═════ DATA

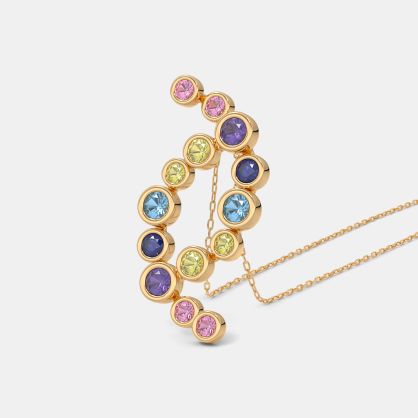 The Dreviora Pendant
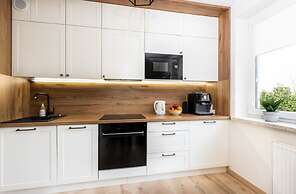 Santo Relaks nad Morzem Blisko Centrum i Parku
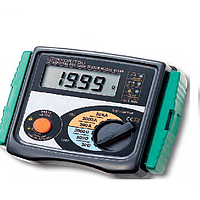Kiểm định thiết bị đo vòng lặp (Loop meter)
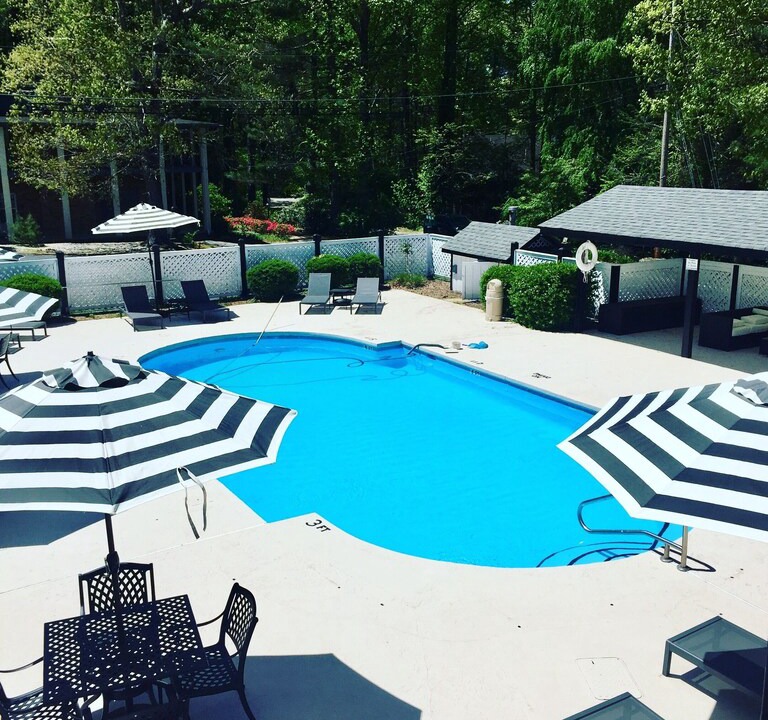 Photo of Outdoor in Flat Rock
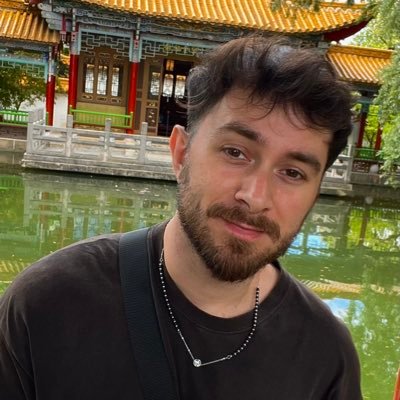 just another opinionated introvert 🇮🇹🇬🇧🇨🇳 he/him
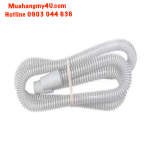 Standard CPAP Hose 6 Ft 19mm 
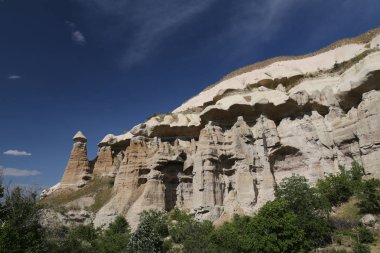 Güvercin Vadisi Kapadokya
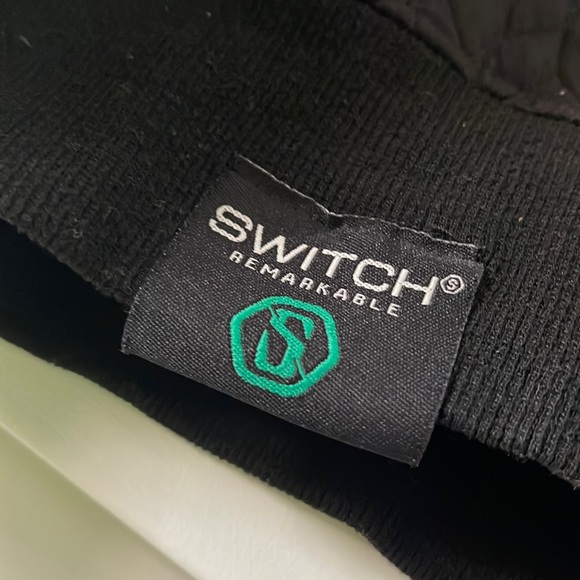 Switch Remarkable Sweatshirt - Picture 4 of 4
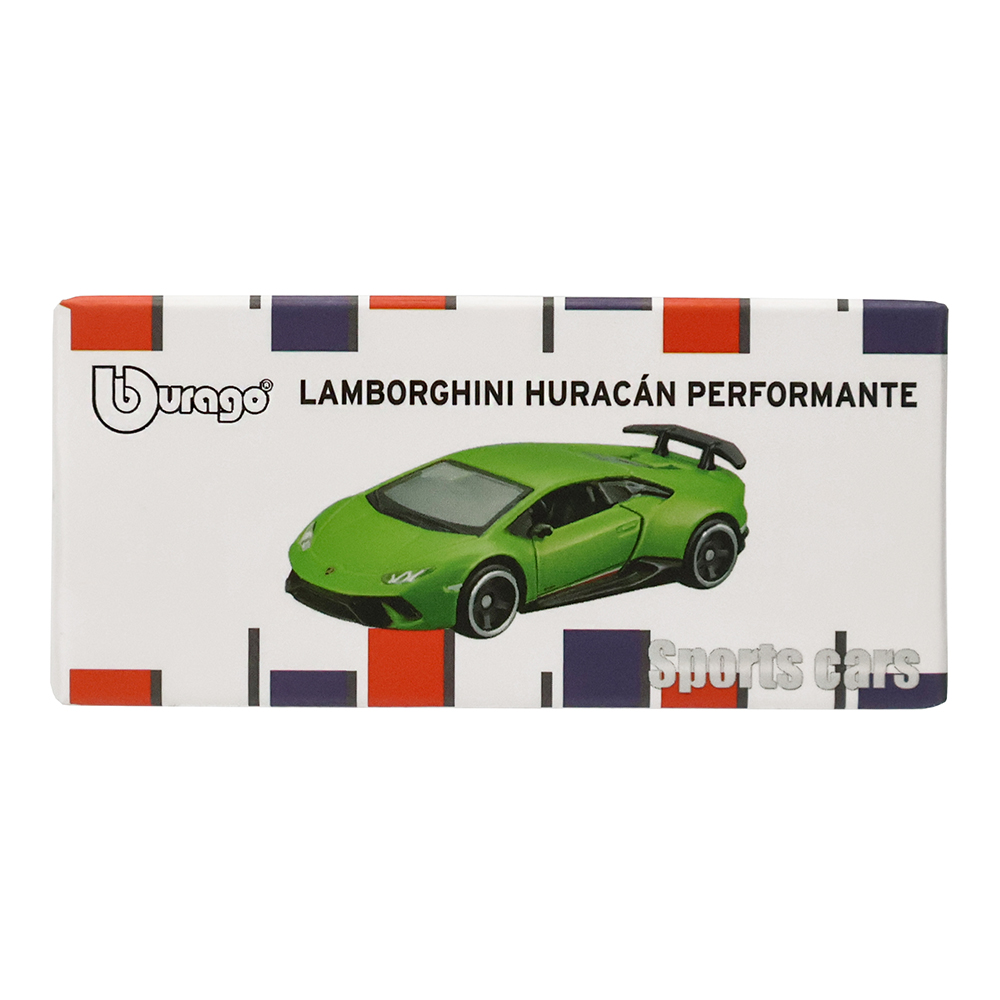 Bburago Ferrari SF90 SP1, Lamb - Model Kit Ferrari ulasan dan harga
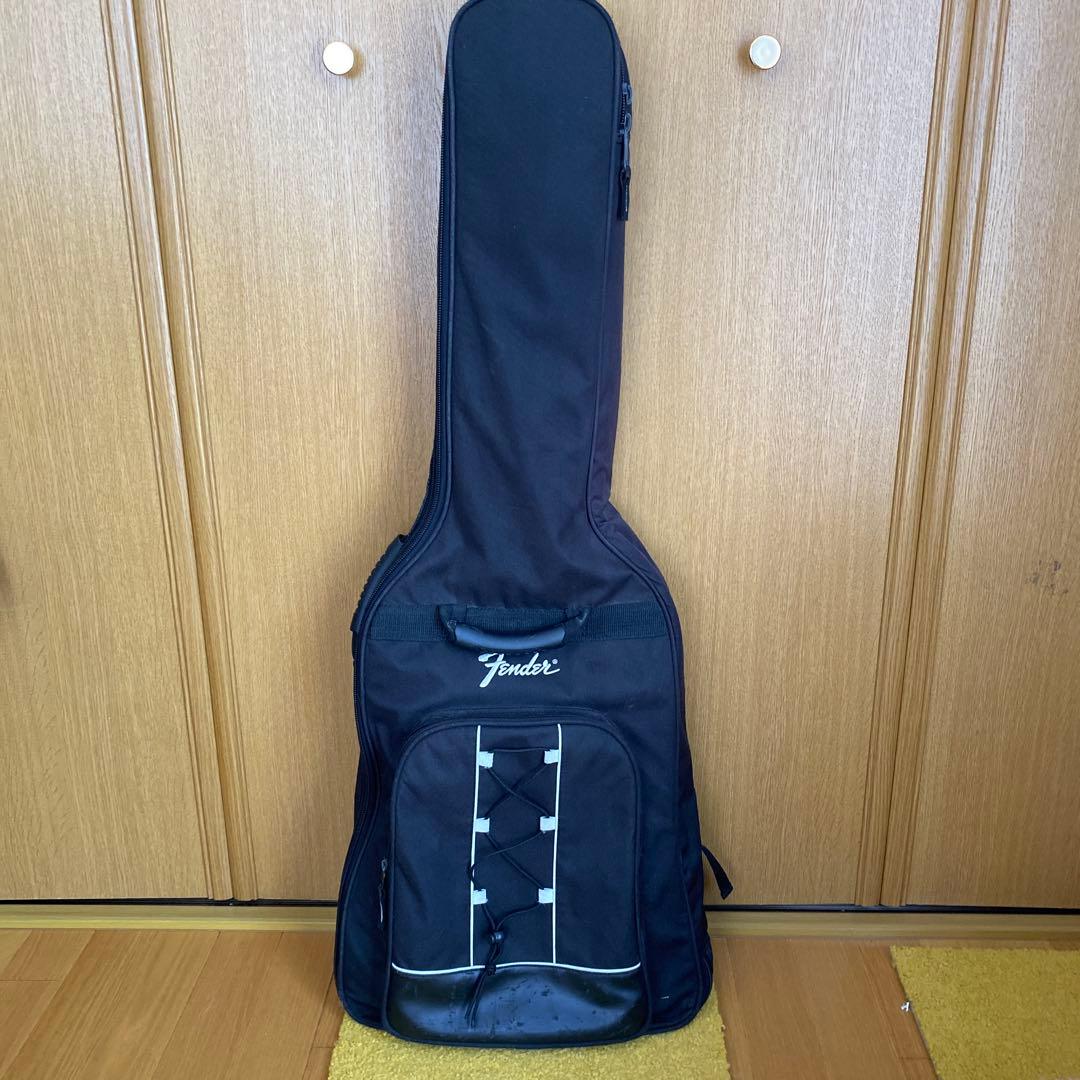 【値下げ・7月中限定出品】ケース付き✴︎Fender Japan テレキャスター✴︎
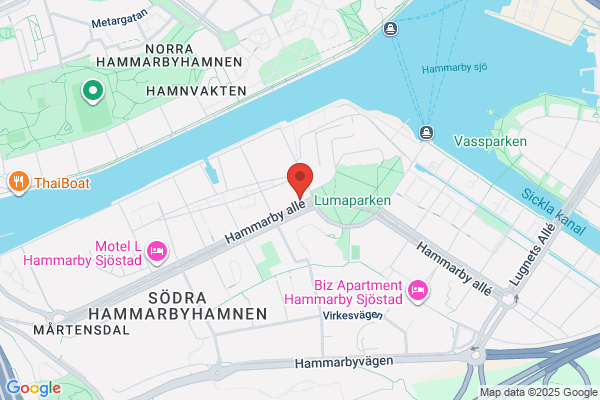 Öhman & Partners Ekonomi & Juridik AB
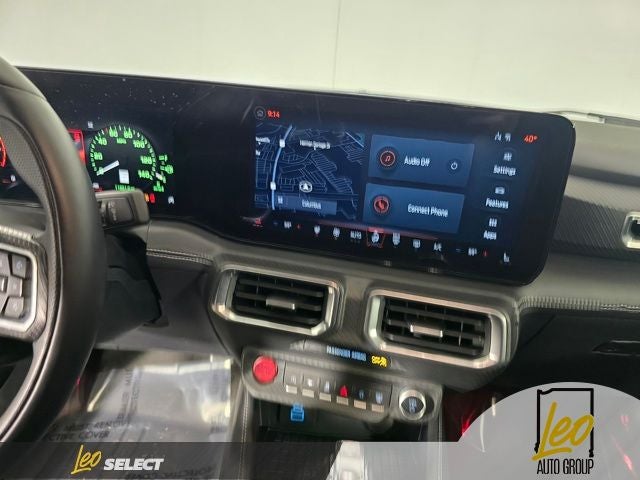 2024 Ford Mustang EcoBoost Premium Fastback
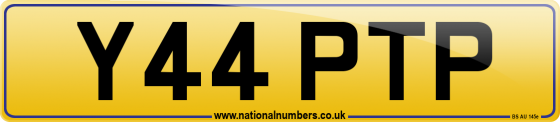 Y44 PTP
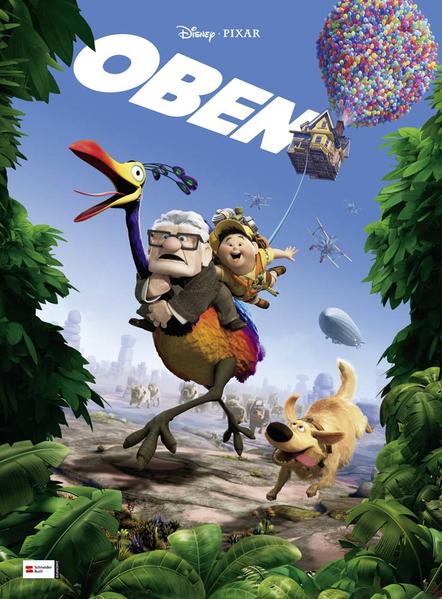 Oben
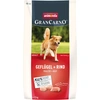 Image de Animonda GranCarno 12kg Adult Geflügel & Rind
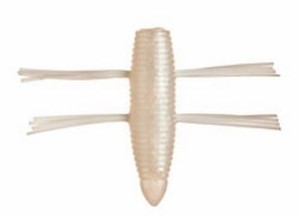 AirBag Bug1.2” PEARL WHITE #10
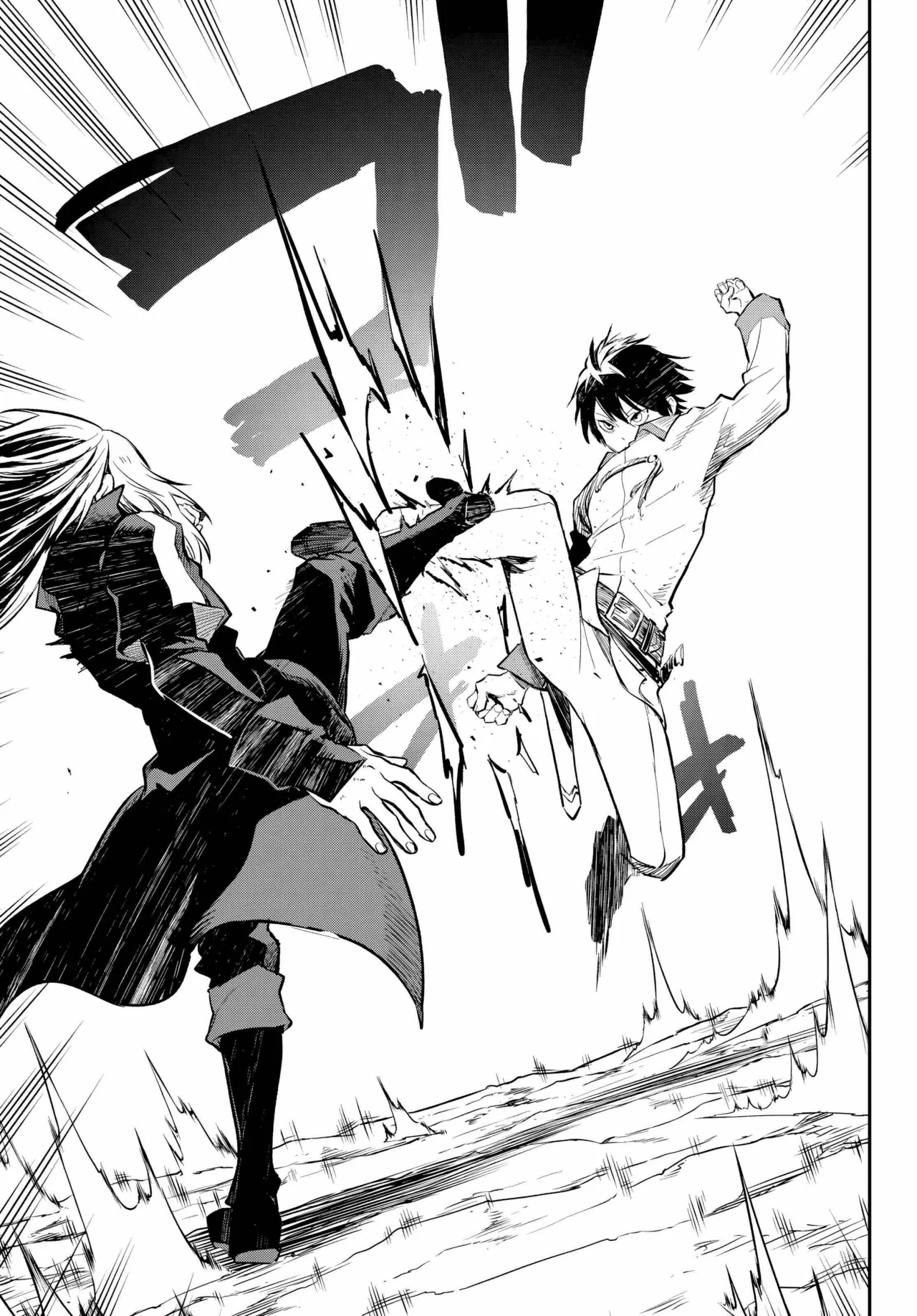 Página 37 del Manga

══════════

_AIM OF THE EXERCISE_
After locating the line containing "Öhman & Partners Ekonomi & Juridik AB" in the entries above, repeat only it and each later line through the end, exactly, without any pictures.

_REPLY_
 Öhman & Partners Ekonomi & Juridik AB
 2024 Ford Mustang EcoBoost Premium Fastback
 Y44 PTP
 Oben
 Image de Animonda GranCarno 12kg Adult Geflügel & Rind
 AirBag Bug1.2” PEARL WHITE #10
 Página 37 del Manga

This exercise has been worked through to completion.